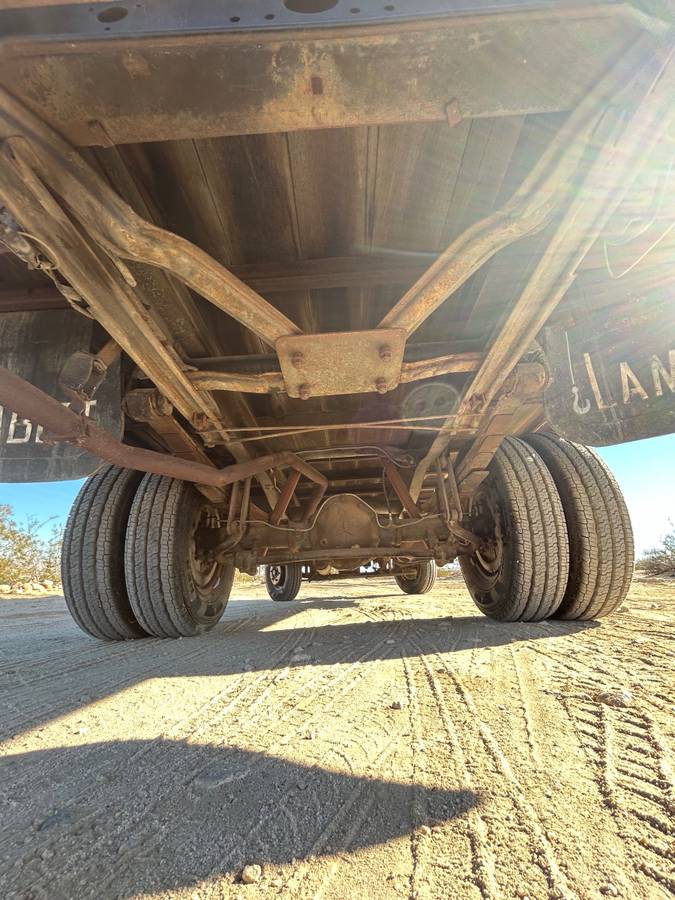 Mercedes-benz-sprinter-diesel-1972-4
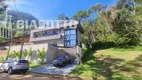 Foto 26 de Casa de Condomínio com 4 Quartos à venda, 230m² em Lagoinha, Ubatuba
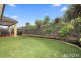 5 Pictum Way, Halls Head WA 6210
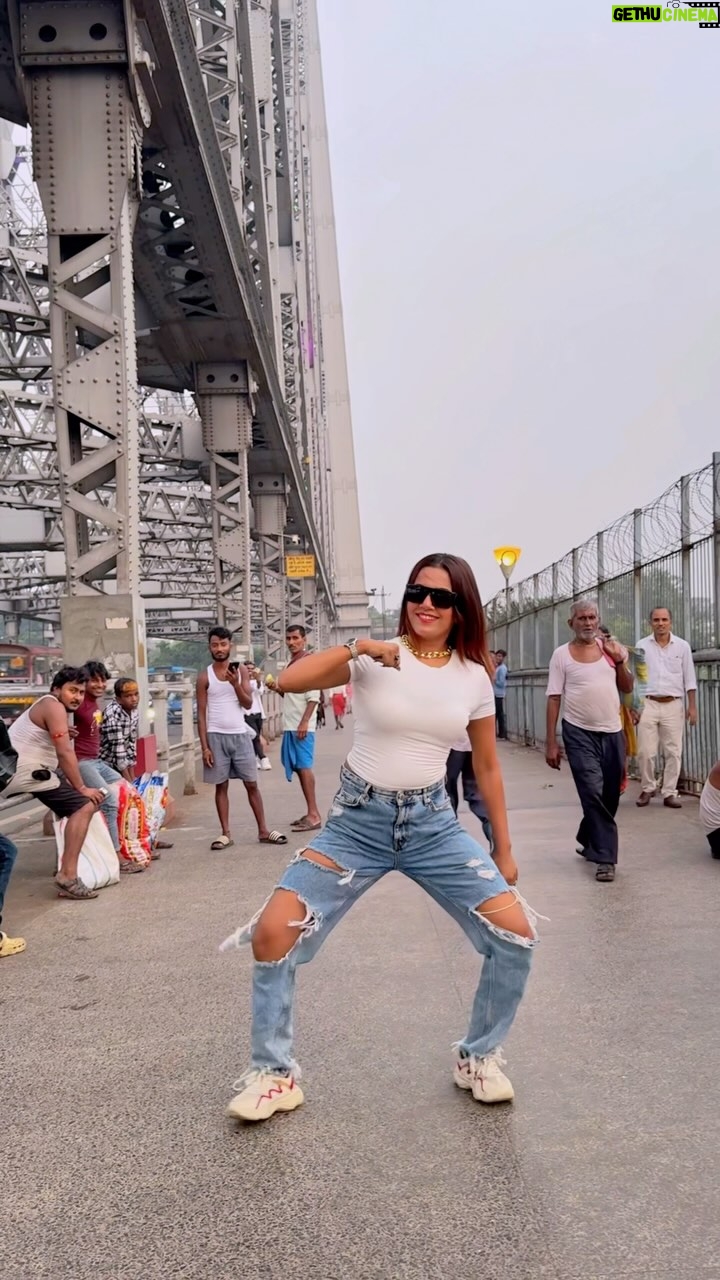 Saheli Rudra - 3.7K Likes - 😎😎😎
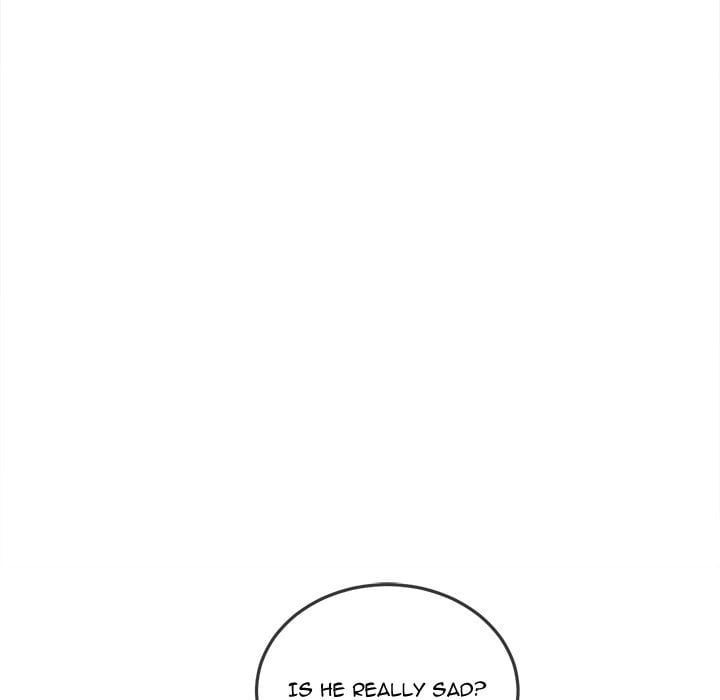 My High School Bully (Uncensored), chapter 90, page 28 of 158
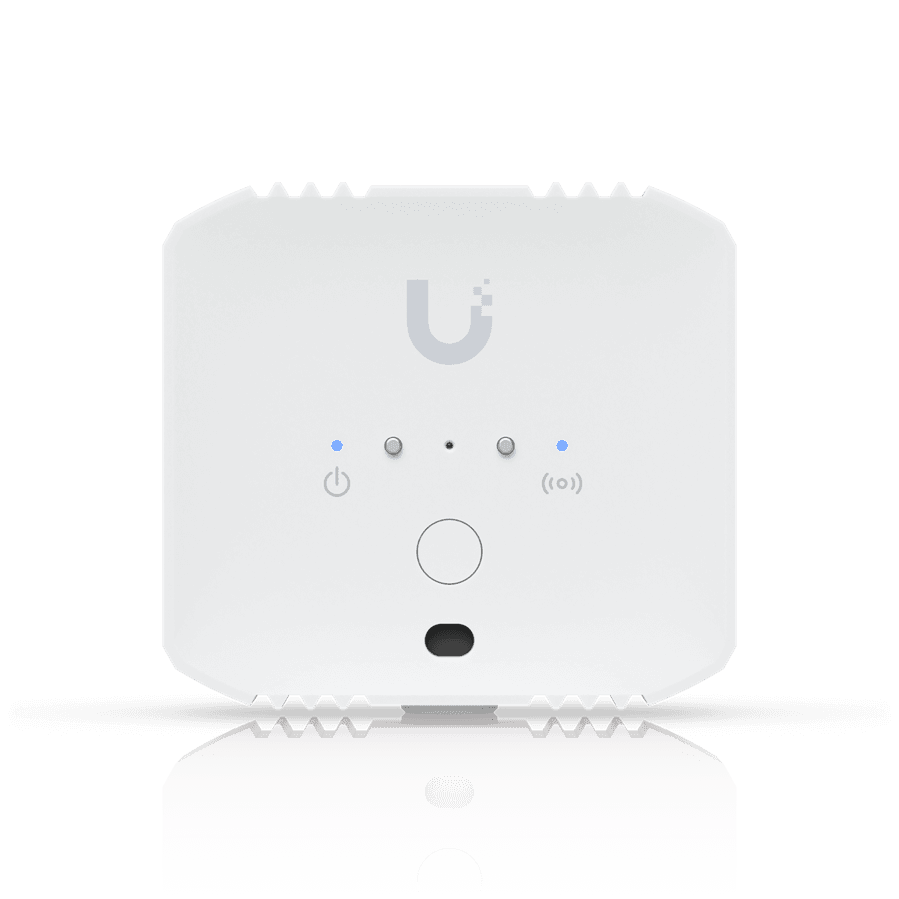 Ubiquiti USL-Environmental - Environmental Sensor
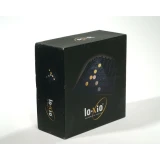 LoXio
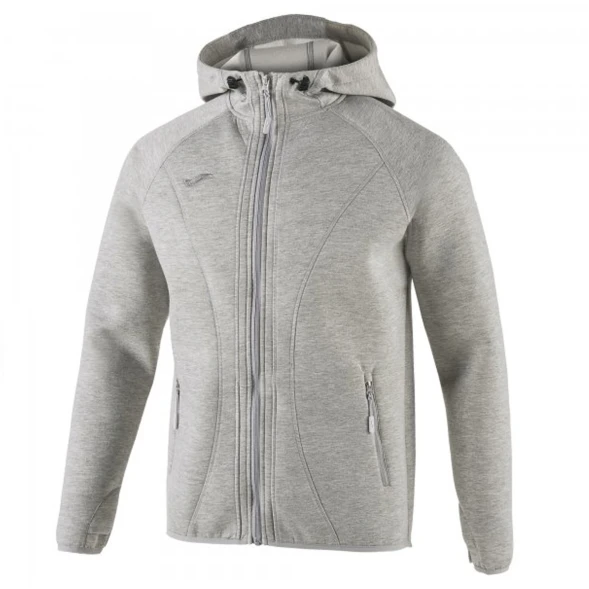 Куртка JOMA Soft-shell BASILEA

____

Required action: The required output consists only of the lines from the one containing "Ubiquiti USL-Environmental - Environmental" to the last line of the material, reproduced exactly, pictures excluded.

Exercise response:
 Ubiquiti USL-Environmental - Environmental Sensor
 LoXio
 Куртка JOMA Soft-shell BASILEA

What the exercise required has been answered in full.